Learning Populations of Preferences via Pairwise Comparison Queries

Ideal point based preference learning using pairwise comparisons of type "Do you prefer $a$ or $b$?" has emerged as a powerful tool for understanding how we make preferences which plays a key role in many areas. Existing preference learning approaches assume homogeneity and focus on learning preference on average over the population or require a large number of queries per individual to localize individual preferences. However, in practical scenarios with heterogeneous preferences and limited availability of responses, these approaches are impractical. Therefore, we introduce the problem of learning the distribution of preferences over a population via pairwise comparisons using only one response per individual. In this scenario, learning each individual's preference is impossible.
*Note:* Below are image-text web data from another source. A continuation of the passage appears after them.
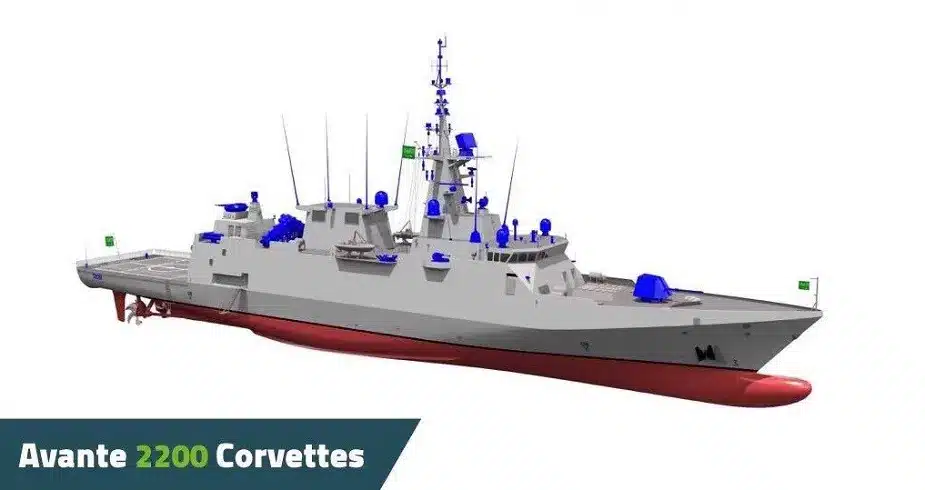 The AVANTE 2200 corvette design already attracted the interest by Saudi Arabia and Venezuela.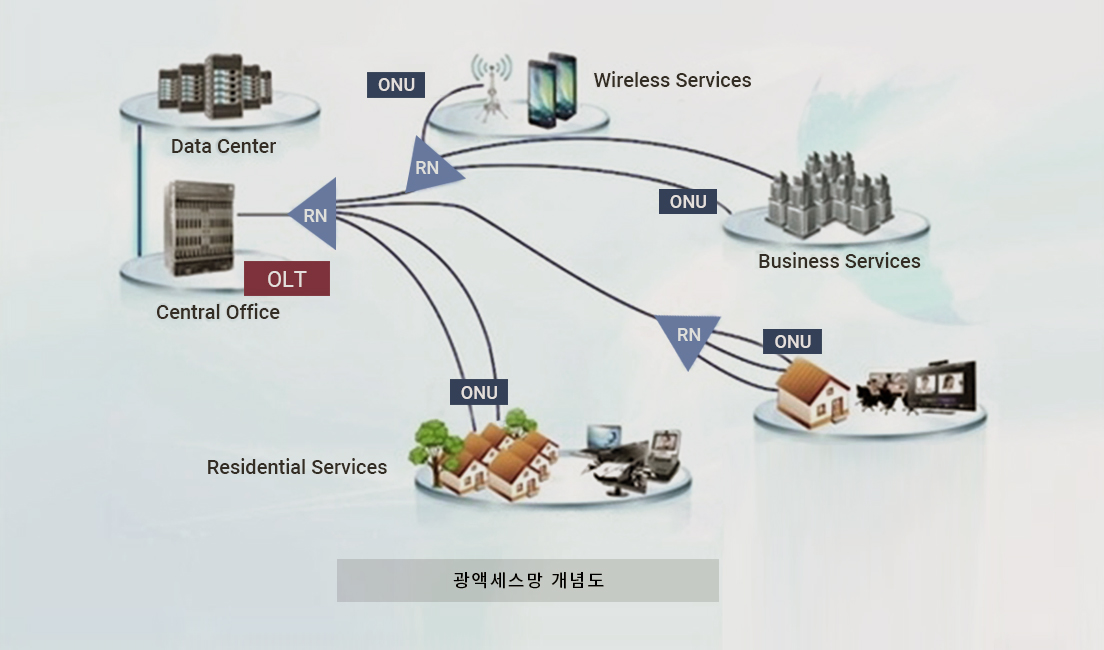 자촉각 인터넷으로 변화하는 산업환경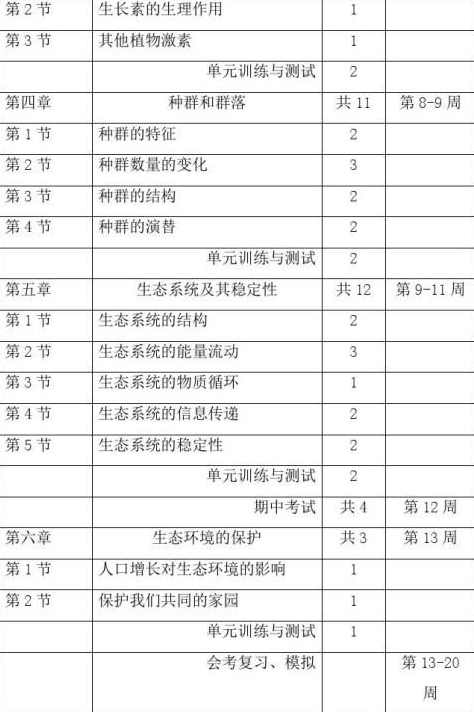 高二生物下学期预习领先班名师讲座+讲义（全22集）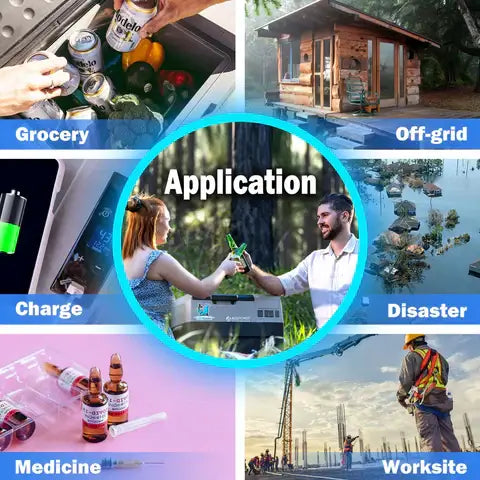 A collage highlights various uses of the ACOPOWER product: grocery storage, off-grid living, device charging, disaster management, medicine storage, and worksite use. At its center, two people are seen exchanging a portable refrigerator outdoors.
Hence the question of interest is: what can we learn about the distribution of preferences over the population? Due to binary answers from comparison queries, we focus on learning the mass of the underlying distribution in the regions (polytopes) created by the intersection of bisecting hyperplanes between queried pairs of points. We investigate this fundamental question in both 1-D and higher dimensional settings with noiseless response to comparison queries. We show that the problem is identifiable in 1-D setting and provide recovery guarantees. We also show that the problem is not identifiable for higher dimensional settings. We propose using a regularized recovery for higher dimensional settings and provide guarantees on the total variation distance between the true mass in each of the regions and the distribution learned via regularized constrained optimization problem. We validate our findings through simulations and experiments on real datasets. We also introduce a new dataset for this task collected on a real crowdsourcing platform.